L’immense John Carpenter surprend vraiment, mais alors vraiment, quand il aborde - sur commande, rassurez-vous - la comédie dramatique après une belle série de films fantastiques horrifiques dont le précédent, The Thing 1, n’a pas super bien marché, d’où ce contrat pour un producteur du nom de…Michael Douglas. Dans la lignée de (ou forcément inspiré par ?) Rencontre du troisième type et E.T., Starman s’avère plutôt mignon parfois même si on sent arriver les événements de loin. Quelques scènes sont également assez chouettes comme la transformation du bébé en homme ou la résurrection de l’animal.

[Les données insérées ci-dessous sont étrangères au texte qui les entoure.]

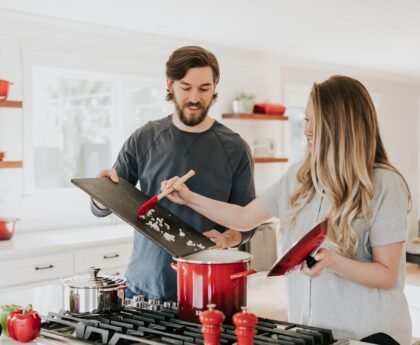 Clean small kitchen scene for organization guides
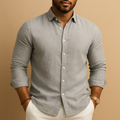 Lightweight breathable summer dress shirt for men with a comfortable classic fit, ideal for warm days, casual outfits, and semi-formal occasions.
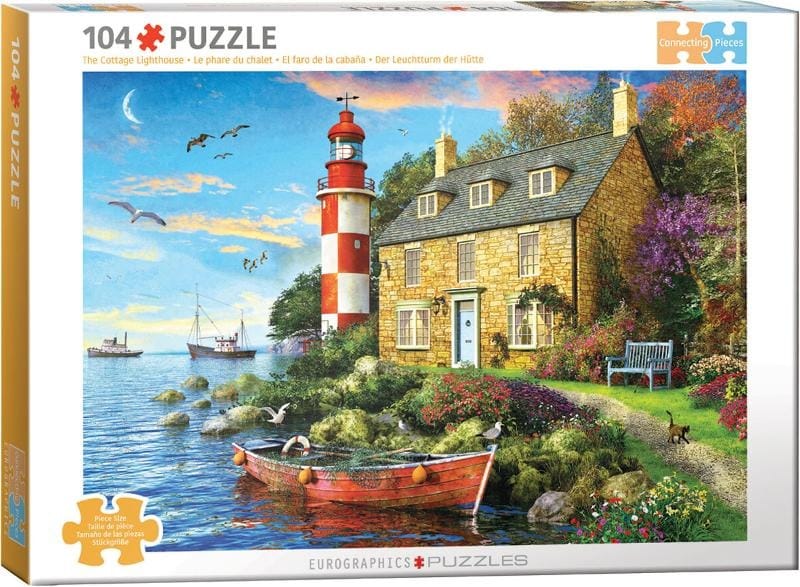Пазл Eurographics The Cottage Lighthouse by Dominic Davison, 104 элемента, разноцветный
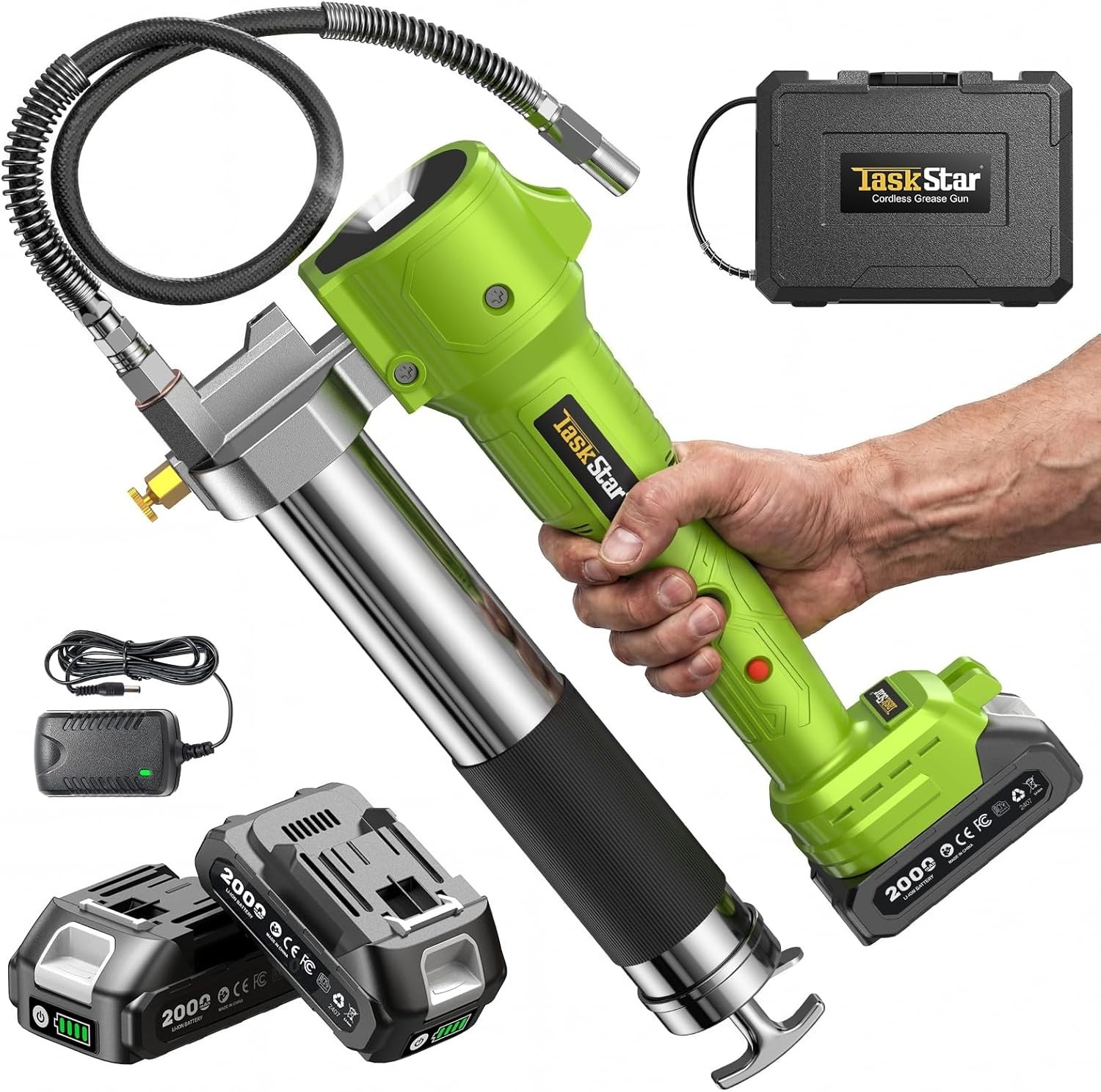 TaskStar Grease Gun Kit (Cordless, Electric, 2 Batteries, 40" Hose & LED Light) gallery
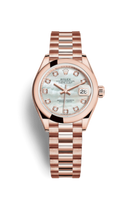 Rolex Lady-Datejust 28 Stainless Steel / Diamond / White - Roman / Jubilee (279165-0017)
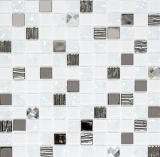 mosaico de vidrio autoadhesivo mosaico de azulejos de acero inoxidable blanco MOS200-4CM24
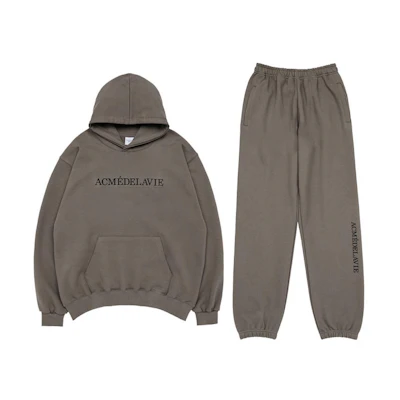acmé de la vie ADLV Logo Sweatshirt and Joggers Set Unisex Brown ADLV-23SS-HDLESL-COA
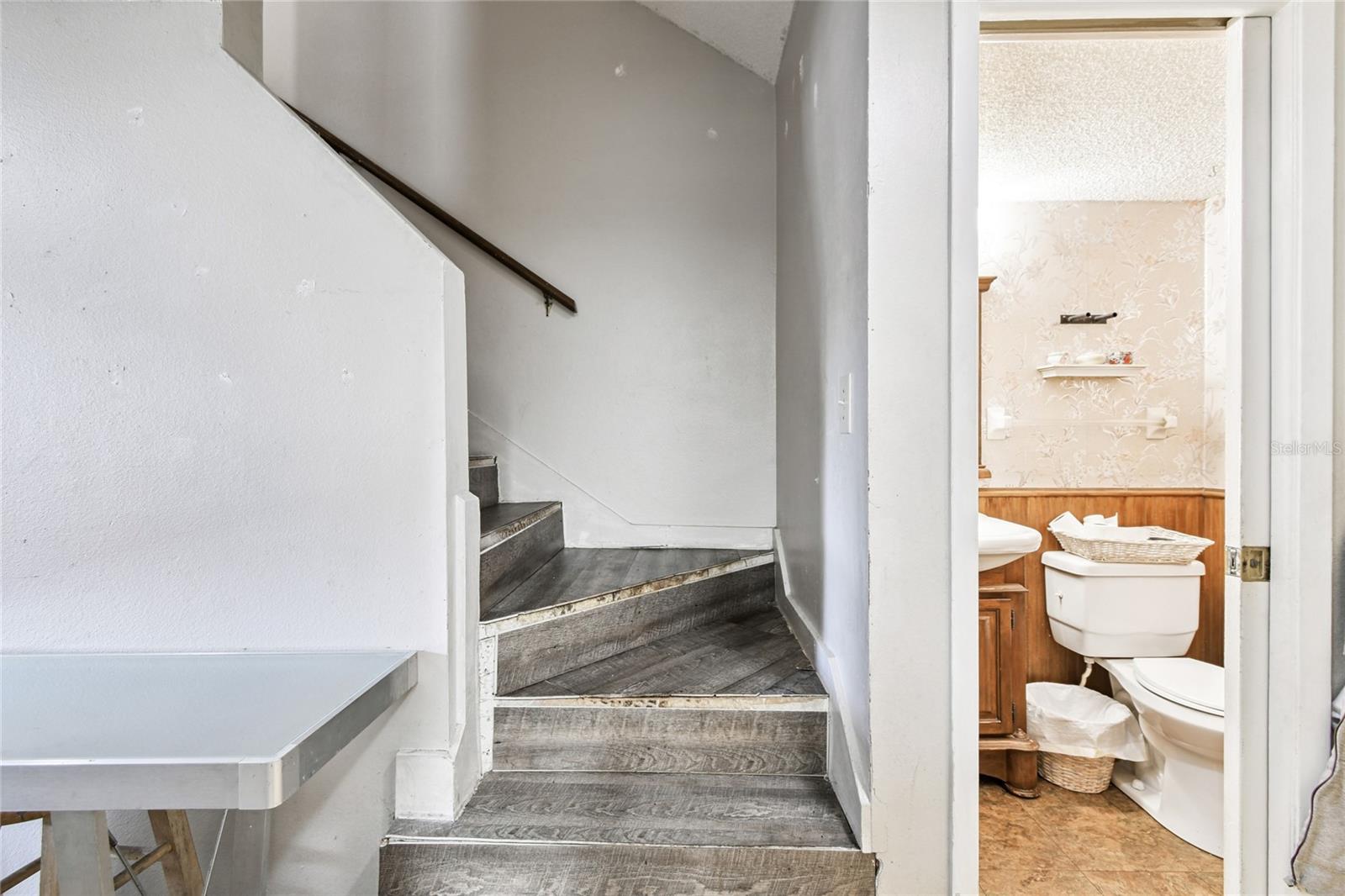 Stair way/ with Half-bath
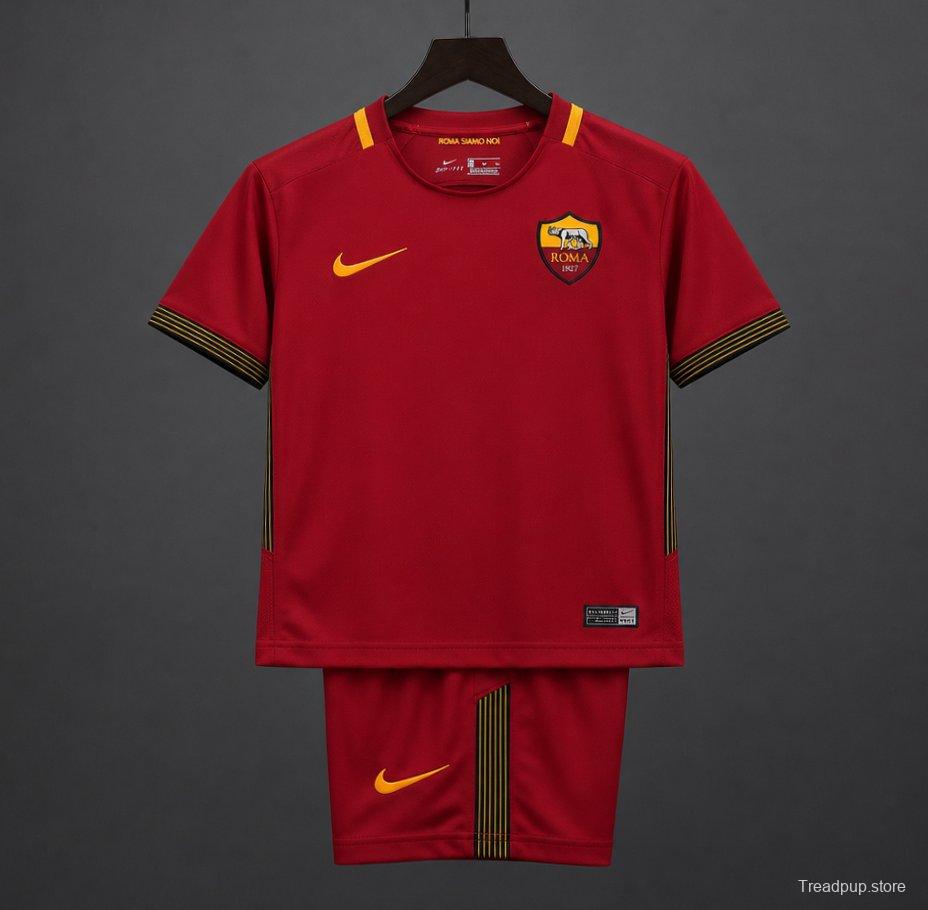Retro Kids 17/18  AS Roma Home Jersey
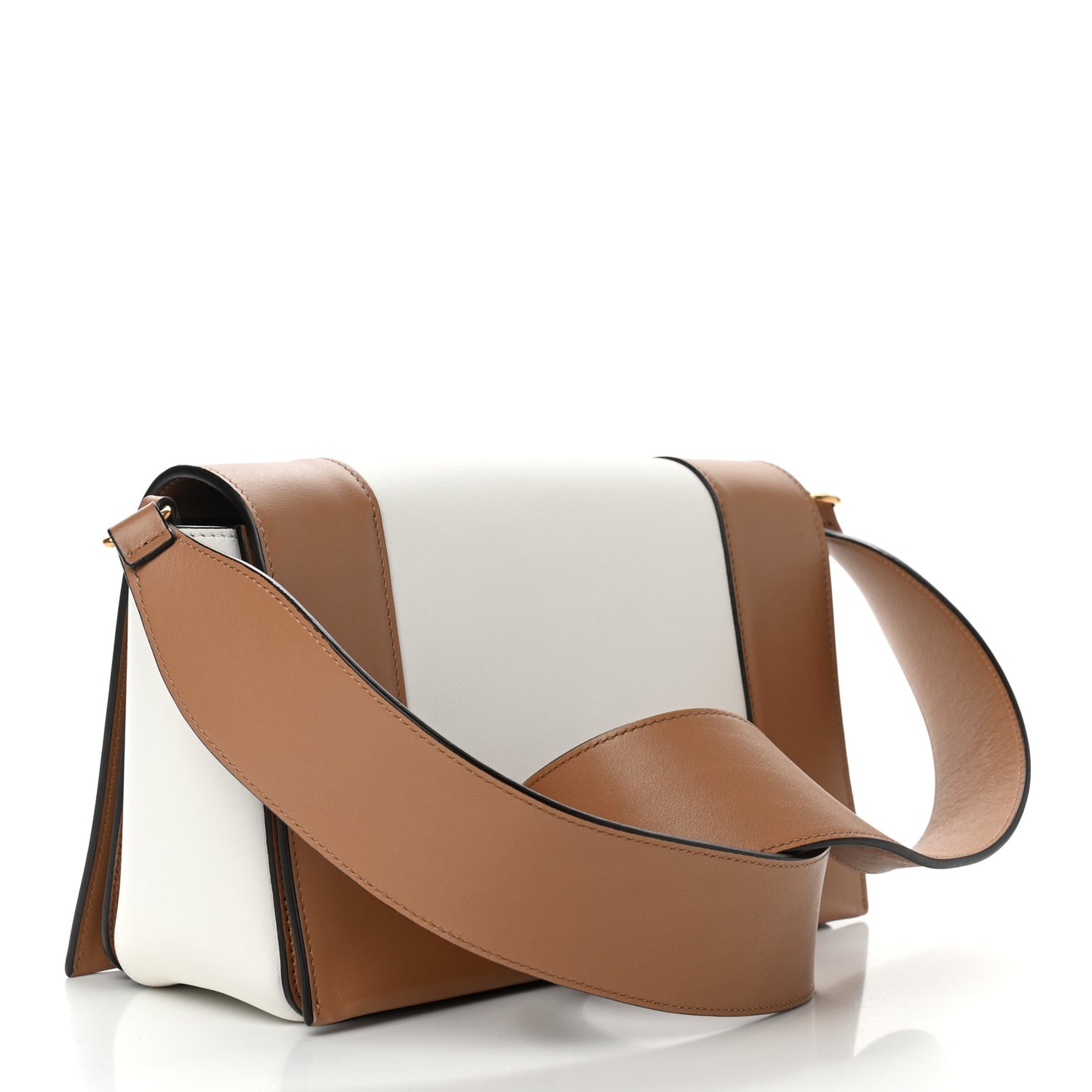 Shiny Smooth Calfskin Medium Frame Shoulder Bag Tan Optic White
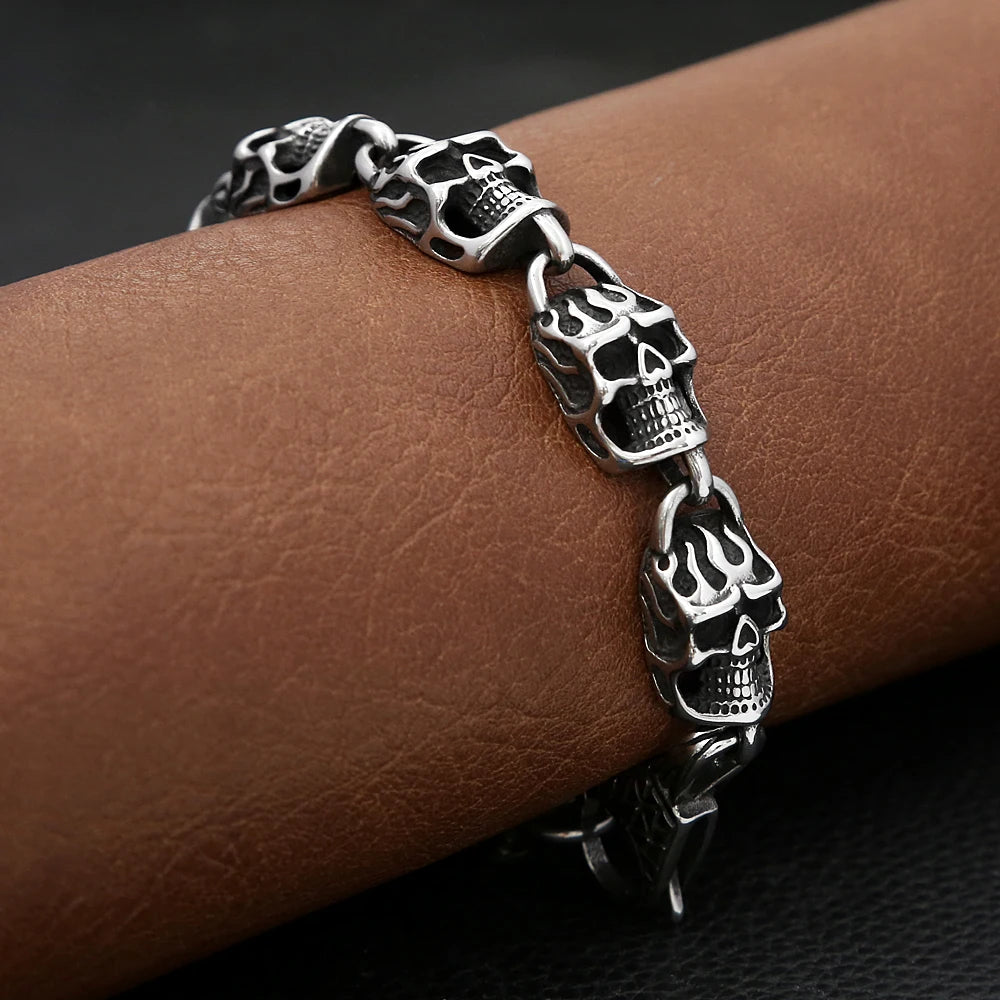 Gothic Vintage Edelstahl Schwarz Schädel Armband Für Männer Hip Hop Biker Kühlen Skeleton Armreifen Charme Partei Schmuck Dropshipping
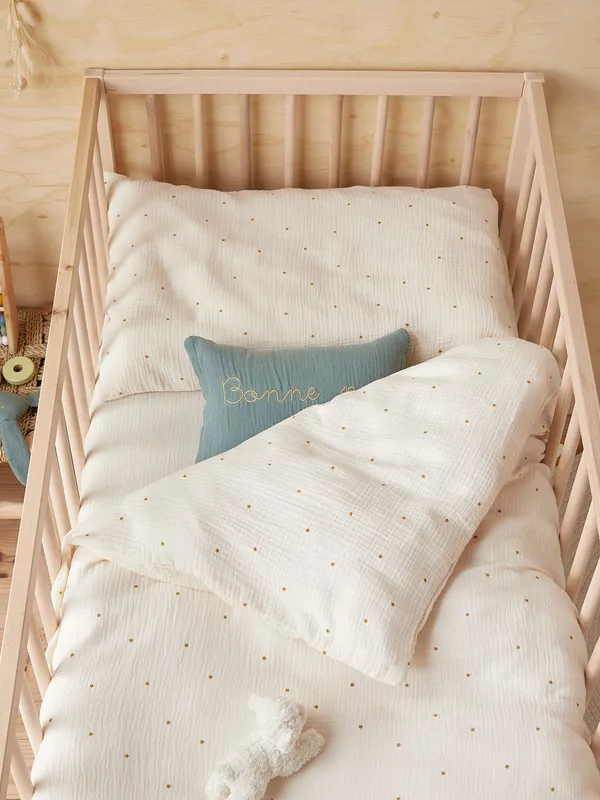 Housse-de-couette-bébé-gaze-de-coton-bio-Baby-Gaufrée Housse de couette bébé gaze de coton bio "Baby Gaufrée" Produit De Marque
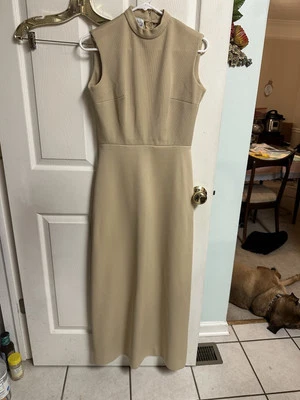 Vintage 1960s/50s Bleeker Street Ribbed/beige Maxi Sleeveless Dress Med Knit Mod - Image 1 of 4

Côté casting, Jeff Bridges maîtrise plutôt bien le jeu robotique d'un être d'une autre planète, Karen Allen est une très belle actrice touchante sans artifice et elle assure aussi en fille qui explique la vie à un étranger qui lui fait vivre des situations forcément cocasses (les chiottes, le restau et sa « maxi tarte aux pommes »)  et d'autres acteurs doués sont à signaler : Charles Martin Smith (le comptable des Incorruptibles de De Palma) ou le vétéran Richard Jaeckel.

Bonus : making of, clip musical bien kitsch d'une reprise d'un standard popularisé par Roy Orbinson, All I have to do is dream, avec Karen Allen et Jeff Bridges au chant, bandes-annonces et un livret quatre-pages contenant quelques infos.